Der Gläubiger verstößt nicht gegen Treu und Glauben, wenn er sich auf die in einem Vergleich vereinbarte Verfallklausel beruft, weil der Schuldner die letzte Rate von 4% der Vergleichssumme am festgesetzten Tag schuldhaft nicht gezahlt hat.

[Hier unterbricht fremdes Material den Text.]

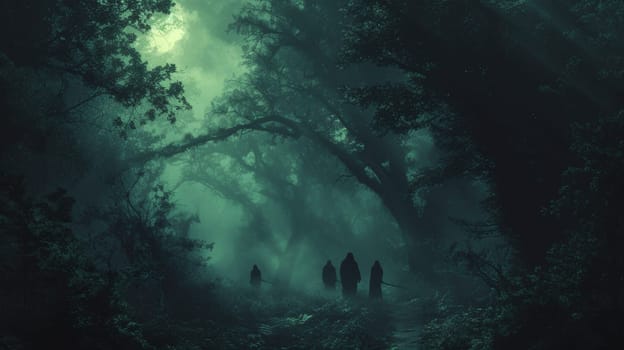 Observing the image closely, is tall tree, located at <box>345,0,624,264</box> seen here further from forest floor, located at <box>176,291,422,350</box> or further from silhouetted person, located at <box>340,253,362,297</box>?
silhouetted person, located at <box>340,253,362,297</box>

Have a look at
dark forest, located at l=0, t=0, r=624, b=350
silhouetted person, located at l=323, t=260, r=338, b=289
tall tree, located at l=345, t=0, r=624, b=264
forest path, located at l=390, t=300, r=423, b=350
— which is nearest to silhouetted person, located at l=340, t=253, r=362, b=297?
dark forest, located at l=0, t=0, r=624, b=350

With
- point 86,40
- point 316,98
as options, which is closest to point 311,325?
point 86,40

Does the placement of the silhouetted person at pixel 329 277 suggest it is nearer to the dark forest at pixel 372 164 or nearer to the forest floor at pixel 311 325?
the dark forest at pixel 372 164

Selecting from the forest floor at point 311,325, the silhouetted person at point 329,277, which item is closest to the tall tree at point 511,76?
the forest floor at point 311,325

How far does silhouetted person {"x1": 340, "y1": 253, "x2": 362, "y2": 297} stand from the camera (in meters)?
19.6

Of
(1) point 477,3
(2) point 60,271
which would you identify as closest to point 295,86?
(1) point 477,3

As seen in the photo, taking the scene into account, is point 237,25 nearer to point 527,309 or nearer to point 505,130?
point 505,130

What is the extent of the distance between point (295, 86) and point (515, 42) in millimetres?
15675

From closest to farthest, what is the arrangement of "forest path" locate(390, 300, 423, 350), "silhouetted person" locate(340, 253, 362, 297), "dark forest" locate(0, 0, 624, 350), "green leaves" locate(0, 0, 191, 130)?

Zum Sachverhalt: Der Kläger ist im Jahre 1977 rechtskräftig zur Zahlung von 28000 DM nebst Zinsen an die Beklagte , die jetzt durch ihren Konkursverwalter vertreten wird, verurteilt worden. In einem später abgeschlossenen außergerichtlichen Vergleich verpflichtete sich der Kläger, in der Zeit ab Februar 1978 bis November 1978 auf seine Schuld monatliche Raten von je 1200 DM und für Dezember 1978 eine letzte Rate von 500 DM, insgesamt also 12500 DM zu bezahlen. Der Kläger übergab bei Vergleichsabschluss dementsprechend der Beklagte elf vordatierte Schecks, ausgestellt auf sein damaliges Konto bei der Kreissparkasse G, über die von ihm zu zahlenden Raten. Die Schecks waren jeweils auf den 20. des Fälligkeitsmonats datiert. Im Falle der Nichteinlösung eines Schecks sollte, das hatten die Vertreter der Beklagte dem Kläger mitgeteilt, der Vergleich unwirksam werden und die volle Hauptforderung nebst Zinsen und Kosten - abzüglich bereits geleisteter Zahlungen - wieder aufleben. Die Beklagte legte durch ihre Anwälte in der Folgezeit in monatlichen Abständen die Schecks jeweils am 20. des Monats vor. Diese wurden eingelöst. Das Konto des Klägers bei der Kreissparkasse G war zwar schon im Sommer 1978 aufgelöst worden. Der Kläger hatte aber jeweils einige Tage vor der Fälligkeit der einzelnen Schecks den zur Einlösung erforderlichen Betrag bei der Kreissparkasse einbezahlt. Der letzte Scheck vom 20. 12. 1978 wurde am 22. 12. 1978 wiederum bei der Sparkasse vorgelegt und von ihr jedoch nicht eingelöst, sondern am 27. 12. 1978 zurückgegeben. Der Scheck wurde den Vertretern der Beklagte am 29. 12. 1978 mit Spesen rückbelastet. Am 3. 1. 1979 erhielten die Vertreter der Beklagte vom Kläger einen auf den 20. 12. 1978 rückdatierten Postscheck, den sie unter Hinweis darauf, dass seine Vorlegungsfrist nach dem Scheckgesetz schon abgelaufen war, an den Kläger am 5. 1. 1979 zurückgaben. Sie machten für die Beklagte gleichzeitig die Unwirksamkeit des Vergleichs geltend und forderten den Kläger zur Zahlung der gesamten rechtskräftig der Beklagte zuerkannten Summe abzüglich seiner bezahlten Raten auf. Am 8. 1. 1979 übersandte der Klägersodann den Anwälten der Beklagte als Restrate aus dem Vergleich nebst den angefallenen Spesen für die Scheckrückgabe 507,40 DM in bar.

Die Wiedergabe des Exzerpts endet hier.